Report says concern about fraud is dropping faster in companies than fraud itself
Geetanjali Minhas | December 1, 2012
With 68 percent companies affected by fraud this year followed by China and Indonesia at 65 percent each, India’s vulnerability to fraud risks remains significantly above the global average of 61percent, says the ‘Global Fraud Report’ released by Kroll Advisory Solutions.
Because of the perceived fraud risks, 33% Indian companies are reported to have put off their global investments in at least one foreign market as compared to that of 27% global companies and 8% Chinese.
A striking aspect that has emerged out of the findings is that despite average revenue loss at 1.2%, which is significantly higher than the global average of 0.9%, Indian companies are less likely to invest in anti-fraud strategies, notably, information theft where despite being aware of it as being the key risk, only 40% of Indian companies plan to invest in IT security compared to 53% globally.
“Budget constraint was the main factor that led to frequent weakened internal controls in 22% Indian firms, the highest figures of any country or region,” say findings of the report. Information theft affected 21% of companies surveyed worldwide.

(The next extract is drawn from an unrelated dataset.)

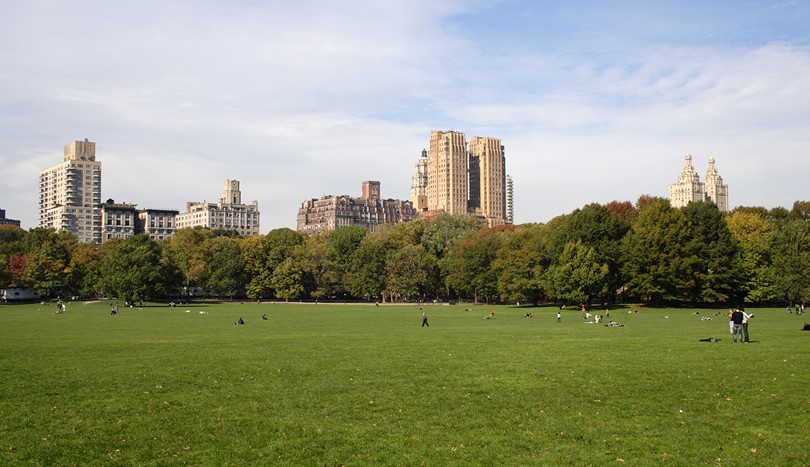 View to Central Park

“Trending like last year with highest no of companies affected by fraud only behind Africa, India’s current year’s findings tell theft of physical assets or stock as main area of fraud at 27% as against corruption and bribery last year.”

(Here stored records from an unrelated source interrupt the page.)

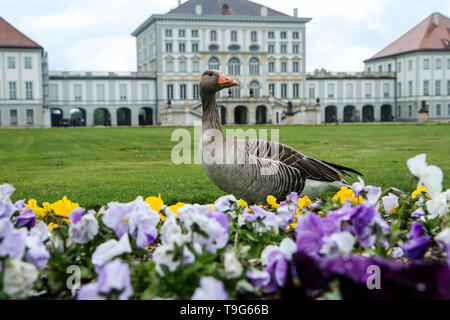 Eine Ente steht am Schloss Nymphenburg in München und durch die Blumen stellen. Ein wenig neugierig. Stockfoto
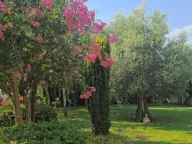 Sale, house, 175m², Velje Brdo, Podgorica - image 1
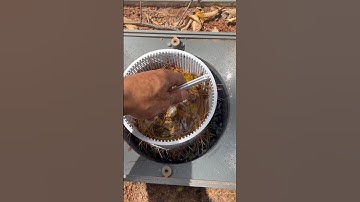 HOW TO CLEAN YOUR POOL SKIMMER BASKET #howto #swimmingpool #skimmer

While 50% of those surveyed in India consider themselves vulnerable to corruption and bribery, with a slight decline, 20% companies this year were affected by vendor, supplier or procurement fraud as against 22% last year. Globally, this figure fell from 20% in 2011 to 12% in 2012 as per the recent Global Fraud Survey.
A total of 840 senior executives worldwide including 60 in India were surveyed in the study commissioned by Kroll Advisory Solutions and Economist Intelligence Unit.
“The percentage of Indian businesses that have been affected by fraud has fallen from last year (84% in 2011 to 68% in 2012), but our experience suggests that while concern for fraud may be dropping, fraud is not,” said Reshmi Khurana, Head of Kroll Advisory Solutions in India.